Tough discovered that what makes the difference is not intelligence, skill or native ability. It isn’t cognitive at all. The difference, he argues, lies in character, in traits such as discipline, persistence, self-control, zest, gratitude, optimism, curiosity, courage and conscientiousness. One dimension, though, matters more than all the others. He calls it grit: the ability to keep going despite repeated failures and setbacks. People with grit grow. People without it are either defeated by life’s challenges or – more likely – become risk-averse. They play it safe.”  

( As we focus this month on inclusion and and different learning Disabilities I want to reiterate Rabbi Sacks' words:  Success is not defined by intelligence and cognitive ability and therefore we need to insure that all of our students and children achieve success )

It may seem counter intuitive that cognition, intelligence or skill will not solely 
pre-determine a person to great accomplishments, rather, learning to deal effectively with challenges and adversity is the most important lesson of all.  We see this all the time in educational settings* and in life – children are always learning from their mistakes.    We need to teach our kids what “grit” means -  how to get-up, dust off their pants, stand tall and  prevail over limitations and shortcomings.   In my office, there hangs a sign stating “We all make mistakes.  It is what we happens after we make the mistakes that matters.”

(* I think most teachers will tell you that  the students that face the most adversity and those that seem to face it head on and succeed are often the students that have the most difficulty in class and have certain issues that make it more difficult for them to "succeed". However given our new understanding it is these students who get up every morning and come to school and face those challenges are the ones that are truly successful. We need to let them and other know that. )

Mistakes, failures and difficult situations do not cease to exist when a child leaves the protective confines of school.  Trials and tribulations continue throughout one’s life.   Many of us both in our personal, professional and even our communal lives have faced disappointments and setbacks. What gives us the “grit” or the resolve to continue? Rabbi Sacks provides some personal insight into this question as well. He says,

 “ I learned to embrace failure instead of fearing it. Why? Because at some point on my religious journey I discovered that more than we have faith in God, God has faith in us. He lifts us every time we fall. He forgives us every time we fail. He believes in us more than we believe in ourselves. He mends our broken hearts. I never cease to be moved by the words of Isaiah: “Even youths grow tired and weary and the young may stumble and fall, but those who hope in the Lord renew their strength. They soar on wings like eagles, they run and don’t grow weary, they walk and don’t grow faint.”
The greatest source of grit I know, the force that allows us to overcome every failure, every setback, every defeat, and keep going and growing, is faith in God’s faith in us.”

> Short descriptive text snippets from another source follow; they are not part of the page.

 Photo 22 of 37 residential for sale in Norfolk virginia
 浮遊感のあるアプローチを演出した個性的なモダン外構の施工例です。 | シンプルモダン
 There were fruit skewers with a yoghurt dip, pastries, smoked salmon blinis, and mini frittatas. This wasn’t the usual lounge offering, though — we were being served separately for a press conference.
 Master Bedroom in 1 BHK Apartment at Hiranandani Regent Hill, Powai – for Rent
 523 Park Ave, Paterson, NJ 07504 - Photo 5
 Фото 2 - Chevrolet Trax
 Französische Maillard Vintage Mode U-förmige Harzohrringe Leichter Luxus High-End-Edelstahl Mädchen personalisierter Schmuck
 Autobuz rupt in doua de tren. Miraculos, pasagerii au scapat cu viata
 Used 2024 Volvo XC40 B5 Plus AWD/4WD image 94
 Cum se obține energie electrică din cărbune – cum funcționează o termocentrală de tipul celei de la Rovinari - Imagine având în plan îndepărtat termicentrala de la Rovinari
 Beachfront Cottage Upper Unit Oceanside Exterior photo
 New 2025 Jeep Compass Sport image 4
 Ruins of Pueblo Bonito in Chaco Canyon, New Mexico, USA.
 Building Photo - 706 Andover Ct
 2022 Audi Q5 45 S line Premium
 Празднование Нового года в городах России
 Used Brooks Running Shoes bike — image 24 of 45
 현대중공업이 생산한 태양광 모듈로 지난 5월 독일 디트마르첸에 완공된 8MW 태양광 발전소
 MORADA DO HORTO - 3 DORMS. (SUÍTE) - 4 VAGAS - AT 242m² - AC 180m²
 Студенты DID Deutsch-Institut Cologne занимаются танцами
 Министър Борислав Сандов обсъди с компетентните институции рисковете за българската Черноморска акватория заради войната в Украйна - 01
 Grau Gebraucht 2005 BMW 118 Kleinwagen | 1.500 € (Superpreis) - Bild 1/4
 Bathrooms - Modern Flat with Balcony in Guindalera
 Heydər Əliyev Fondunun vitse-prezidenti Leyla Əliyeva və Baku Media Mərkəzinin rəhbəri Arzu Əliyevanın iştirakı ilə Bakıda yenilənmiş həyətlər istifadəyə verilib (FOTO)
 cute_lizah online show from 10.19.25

When children see their parents and teachers acknowledging, embracing and dealing with disappointment head on, they too will learn that is it OK to fail – as long as it is followed by a renewed commitment to solving the problem and learning from the experience.  As we wish and hope that our children and students achieve much success in school and throughout their lives, let us also hope that they are given the strength and “grit” needed to overcome whatever setbacks come their way. May they always have faith in G-D and more importantly remember that G-D has faith in each one of us.